Leave the pictures out, and transcribe the material below exactly from the line with "Casa à venda" to the line with "Pangdam XII/Tpr Mayjen", both lines included.

[[ Working data, beginning ]]

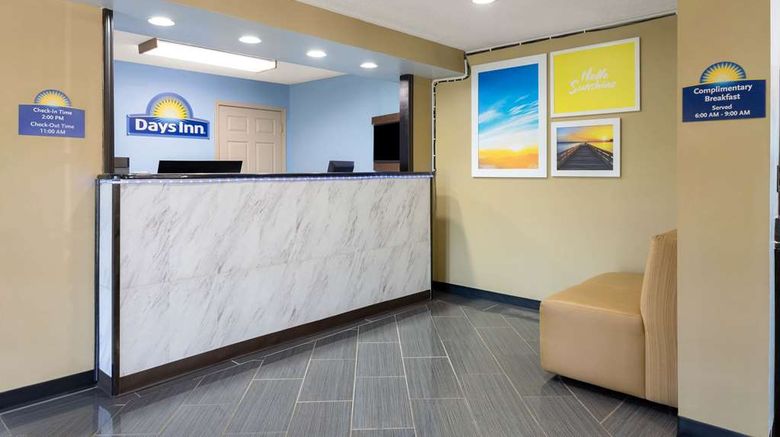 <b>Days Inn Greensboro Airport Lobby</b>. Images powered by <a href="https://iceportal.shijigroup.com/" title="IcePortal" target="_blank">IcePortal</a>.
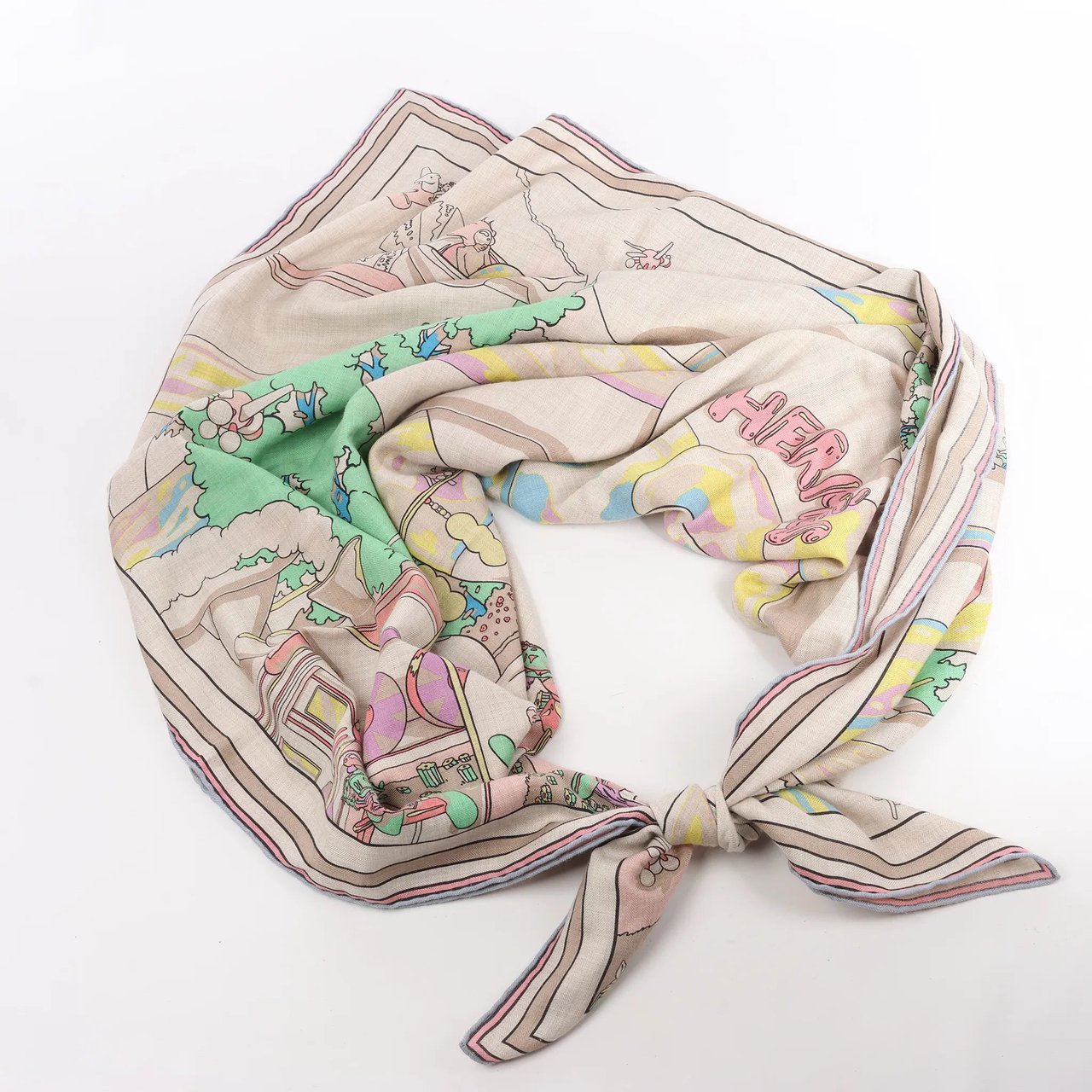 Hermès Hermès Carré Geant "LOCOMOTION" Cashmere and Silk Scarf in Beige Beige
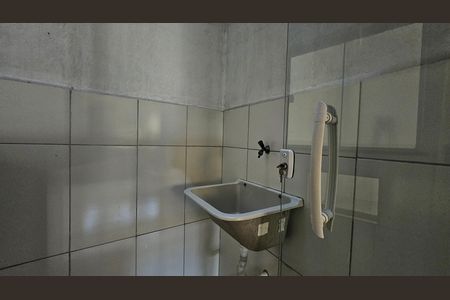 Área de serviço  de apartamento para alugar com 2 quartos, 65m² em Vila Emil, Mesquita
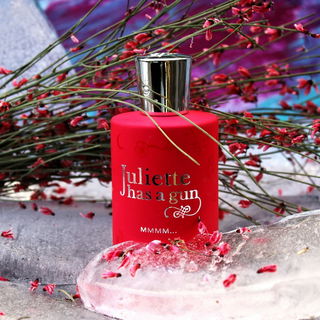 MMMM... - Juliette Has A Gun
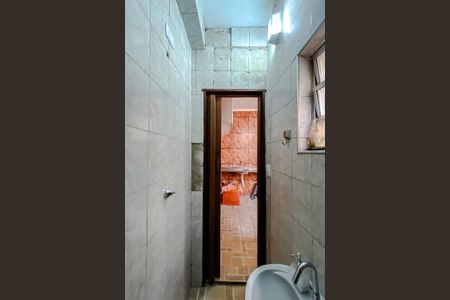 Casa à venda com 210m², 5 quartos e 5 vagasBanheiro de serviço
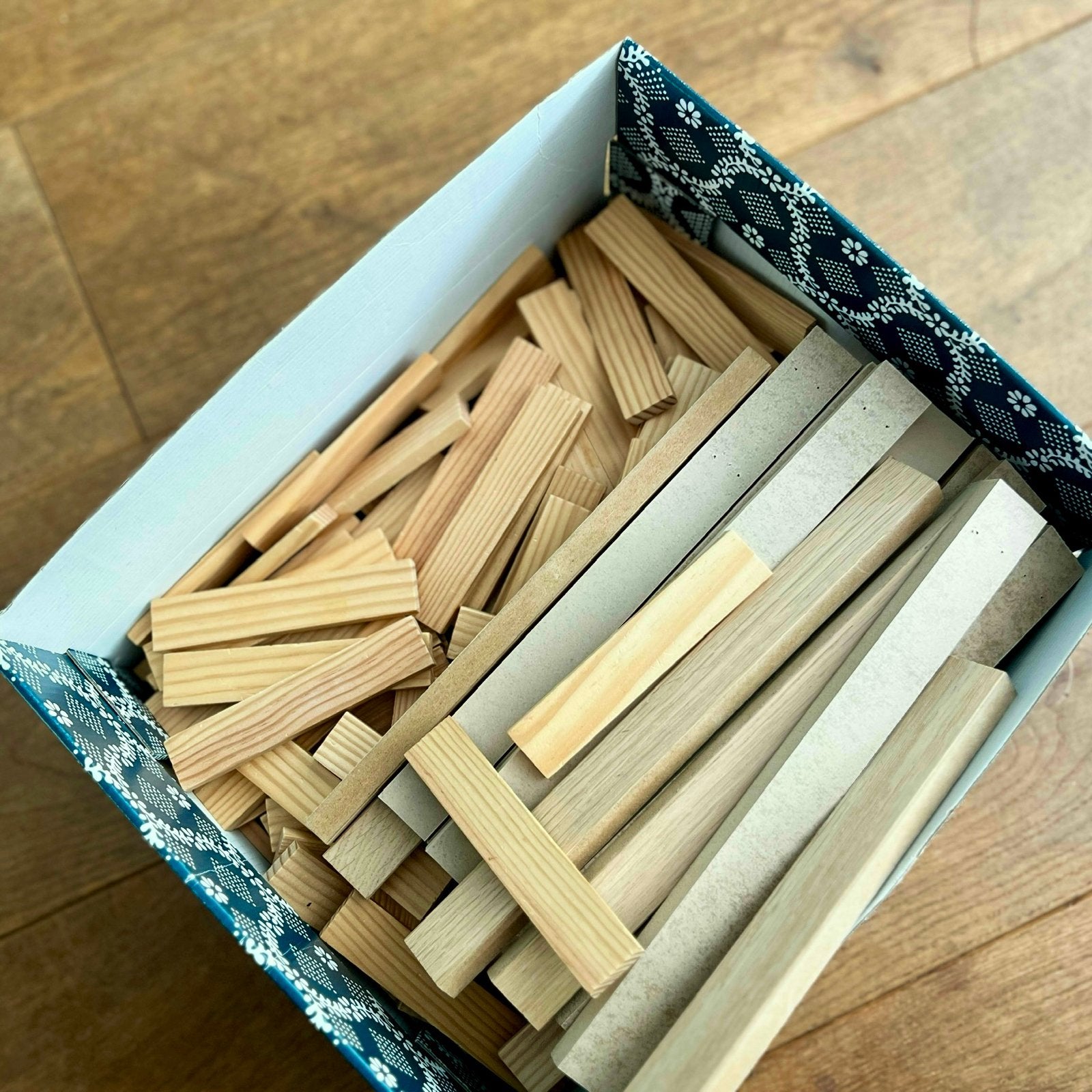 Grote doos Kapla plankjes blank hout, Kinderen en Baby's, Speelgoed | Bouwstenen, Ophalen of Verzenden, Zo goed als nieuw, Overige merken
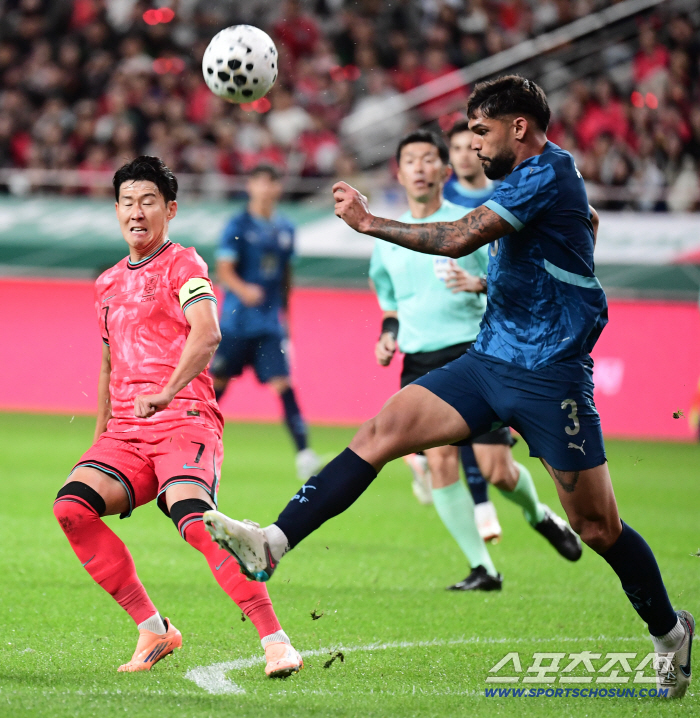Um Ji-sung goal → Kim Seung-gyu's super save experiment, close in the first half with Paraguay 10 ahead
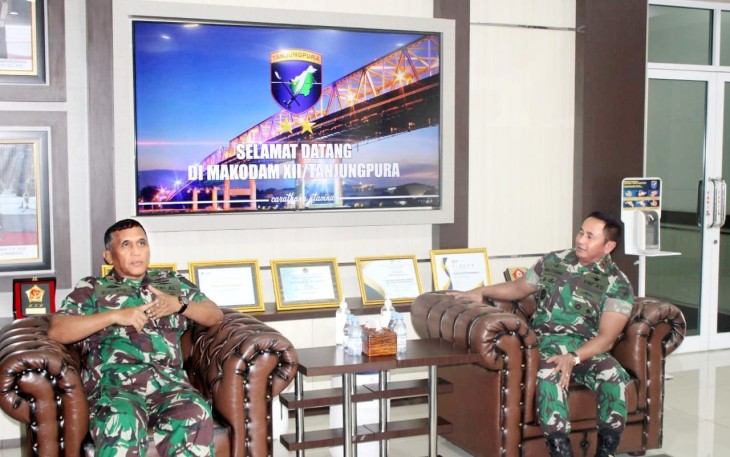 Pangdam XII/Tpr Mayjen TNI Iwan Setiawan menerima kunjungan Danlantamal XII/Pontianak 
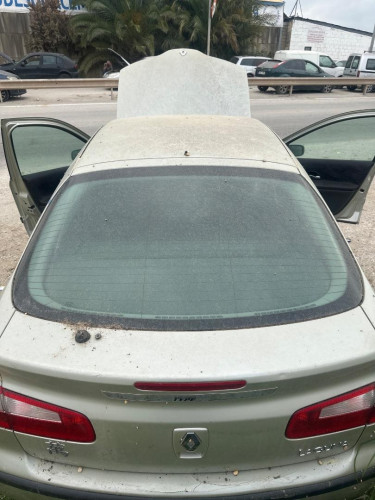 PORTON TRASERO RENAULT LAGUNA II (BG0) 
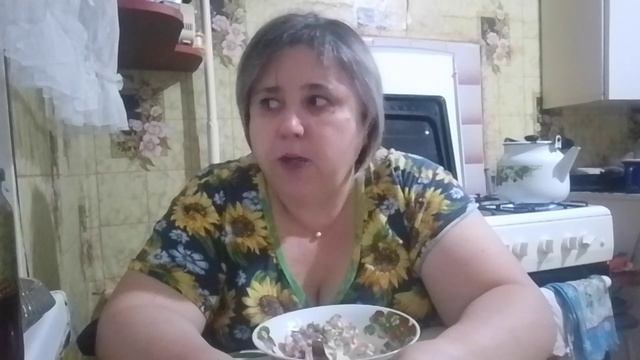 Мукбанг. Проводила сыночка, села поужинать. смотреть онлайн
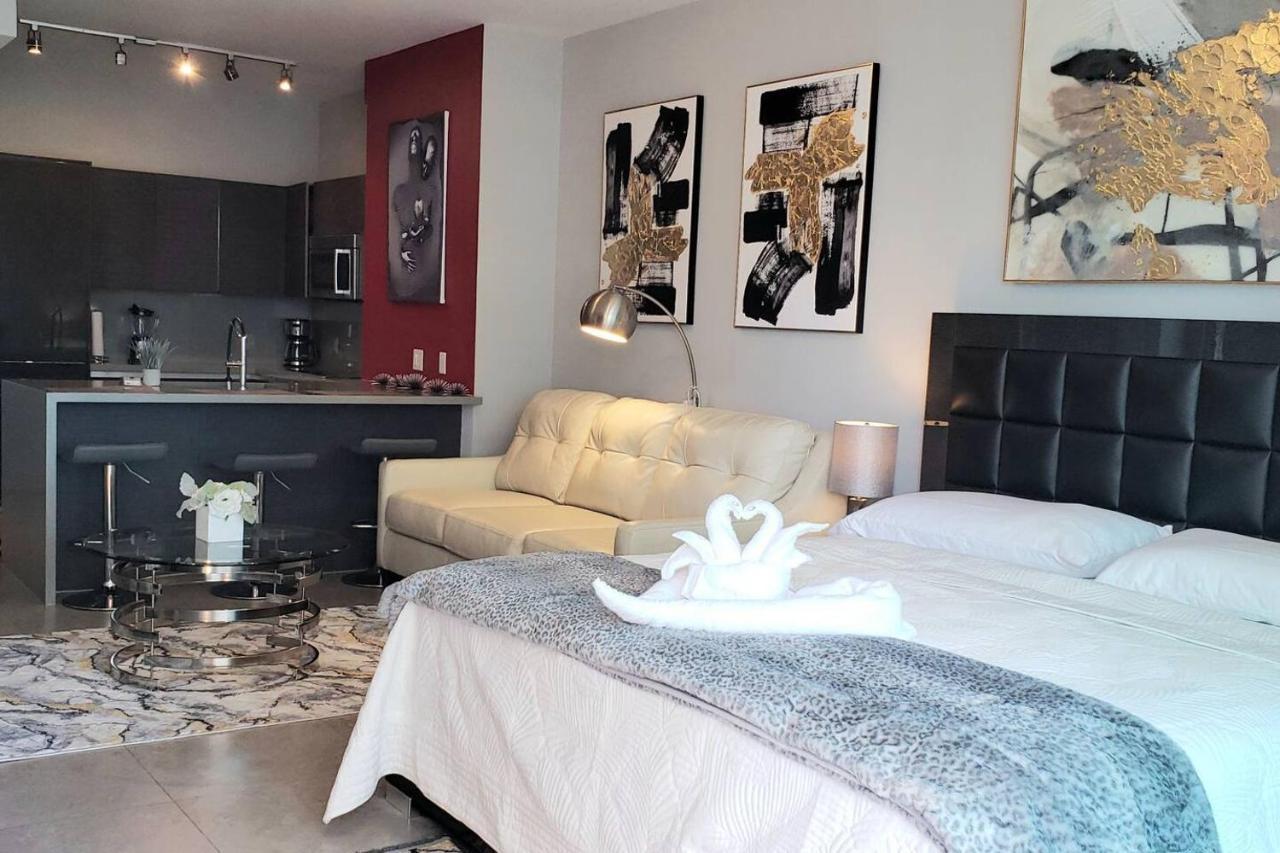 Amazing Located In Upscale-prime Location. Walking Distance To Restaurant Apartment *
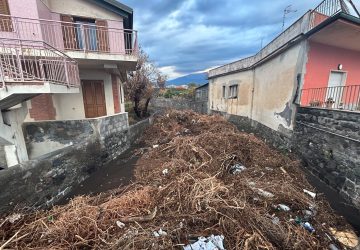 Riposto, cumuli di ramaglie ammassati nell'aveo dei torrenti Babbo e Torre. Spiaggiati sugli scogli frigoriferi e legname  VD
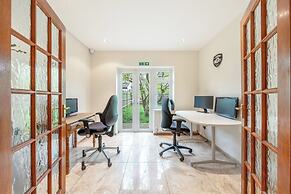 5- bed gem in Barnet, Short let Luxury Awaits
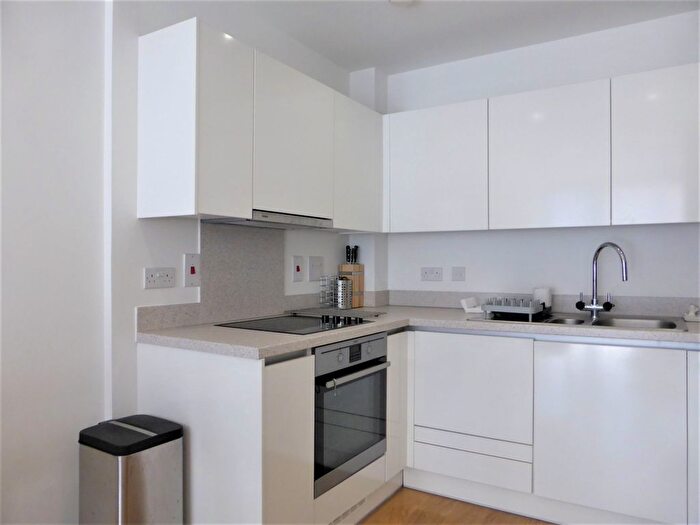 1 Bedroom Flat To Rent In Dyke Road, Brighton, BN1
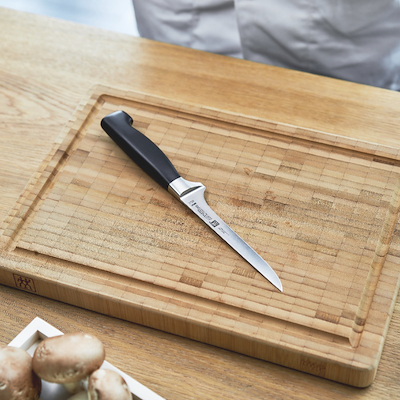 Zwilling Four Star udbenerkniv sort 14 cm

[[ Working data, end ]]

*Exercise response:*
 Casa à venda com 210m², 5 quartos e 5 vagasBanheiro de serviço
 Grote doos Kapla plankjes blank hout, Kinderen en Baby's, Speelgoed | Bouwstenen, Ophalen of Verzenden, Zo goed als nieuw, Overige merken
Um Ji-sung goal → Kim Seung-gyu's super save experiment, close in the first half with Paraguay 10 ahead
 Pangdam XII/Tpr Mayjen TNI Iwan Setiawan menerima kunjungan Danlantamal XII/Pontianak 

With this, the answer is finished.